What is Behind Pakistan's Recent Civil-Military Spat?
From controlling media to managing the China-Pakistan Economic Corridor (CPEC) and running foreign policy to holding meetings with businessmen and investors, the opposition is right that the military is running a parallel government under a civilian façade to the detriment of democracy.
Following the Pakistani joint opposition’s multi-party conference on September 20, which also featured the Pakistan Muslim League (N), PML-N, chief Nawaz Sharif’s hard-hitting speech against the military, civil-military tensions have come to a head again. After a year-long silence, Sharif came out all guns blazing against the military, labeling it “state above the state.” His speech has triggered a national debate on the future course of Pakistani politics.
While firing salvos at the military, Sharif side-stepped the incumbent Prime Minister Imran Khan, maintaining his real fight is against the former for rigging the 2018 election to bring Khan to power. Sharif also blames the military for his lifetime disqualification by Pakistan’s Supreme Court over corruption charges.

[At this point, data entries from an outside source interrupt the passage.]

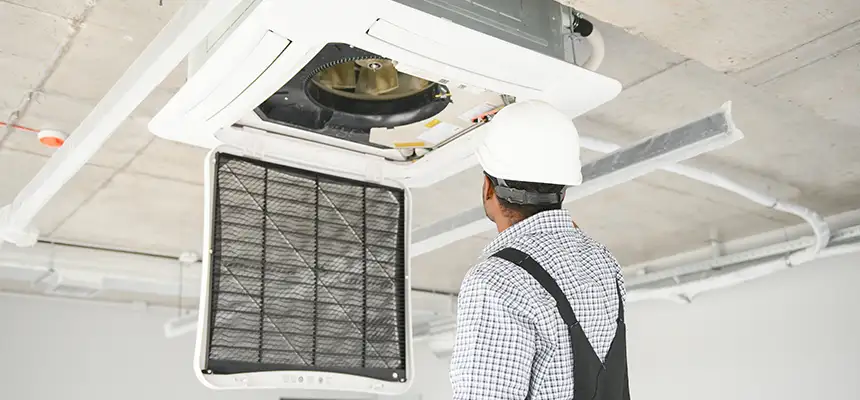 Our Affordable Duct Cleaning Near Me Services in Henderson, NV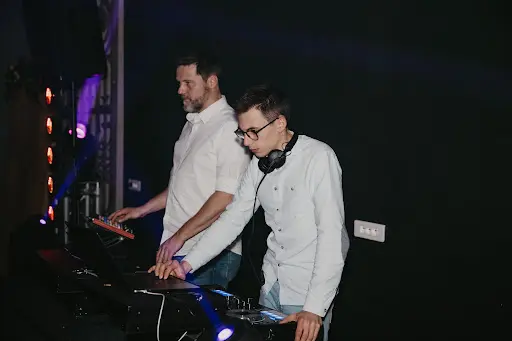 Animationnancy | Service Dj Premium | Grand Est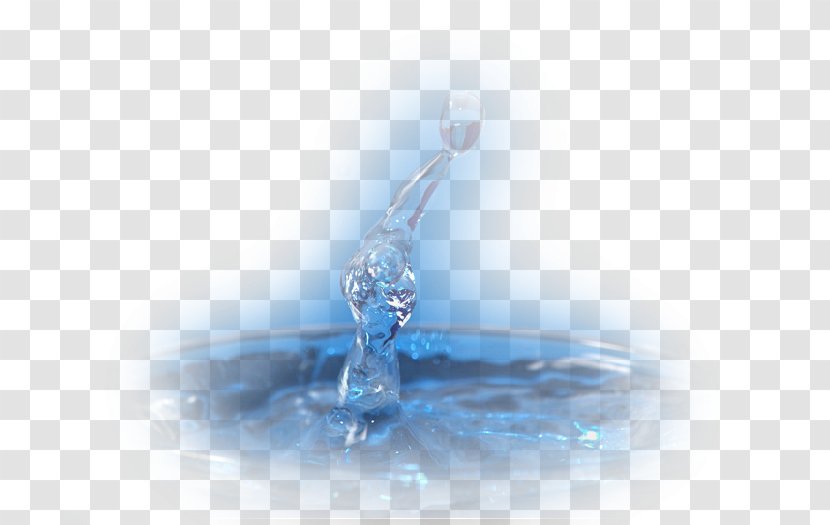 Drop Drinking Water Liquid Rain Transparent PNG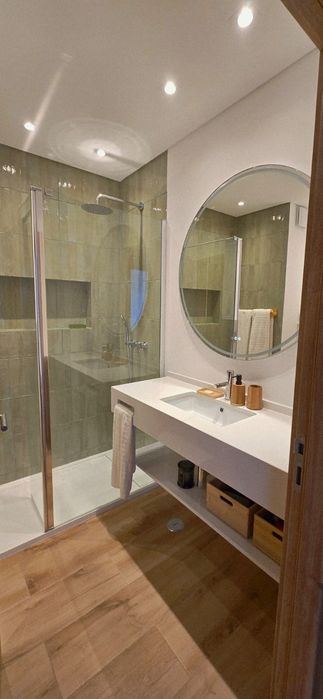 Apartamento de férias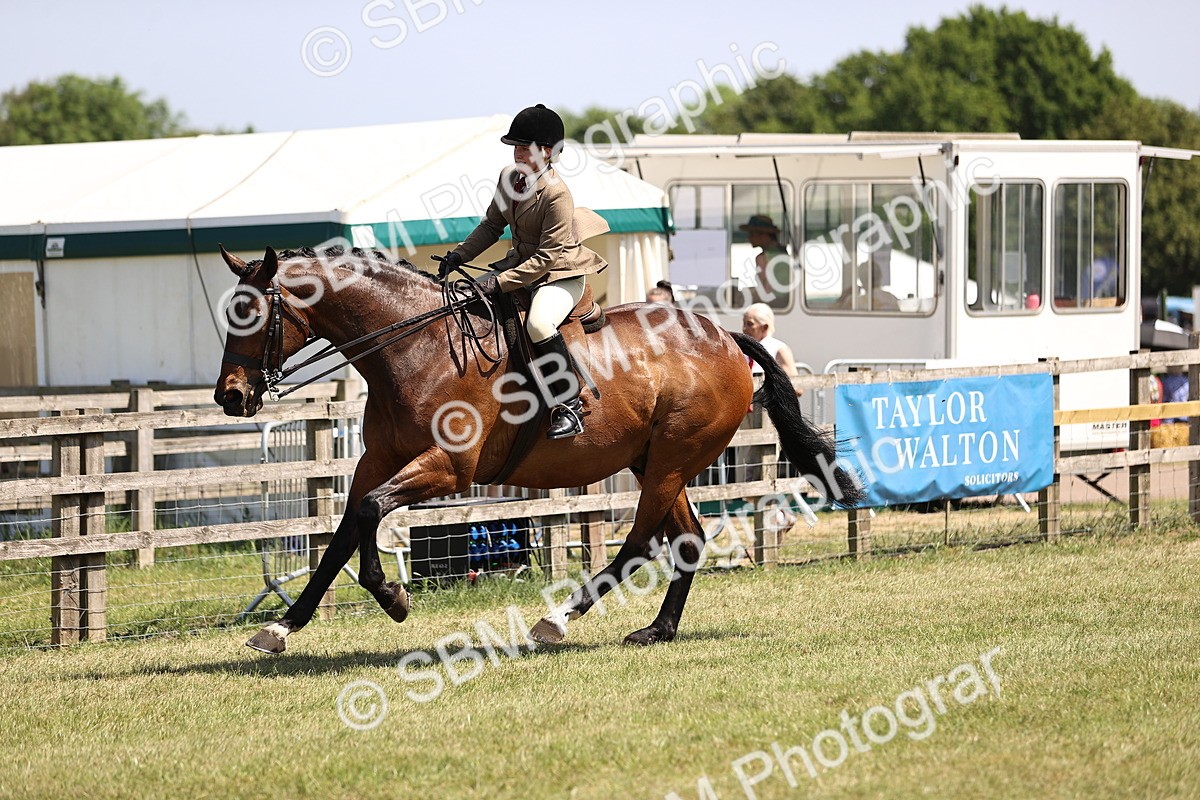 SBM_17741 - Class 81-83 - TSR Ridden Amateur of the Year - Horses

In retaliation, the army’s spokesman Major General Babar Iftikhar has disclosed two meetings of Sharif's emissary and the PML-N leader Muhamad Zubair with the army chief General Qamar Javed Bajwa pertaining to the former’s political and legal matters. Both meetings took place on Zubair’s request, who has acknowledged meeting Gen. Bajwa, but denied requesting relief for Sharif or his daughter and heir-apparent Maryam Nawaz. Though the disclosure of these meetings has seriously dented the PML-N’s political narrative, it has exposed the military’s continued interference in politics as well.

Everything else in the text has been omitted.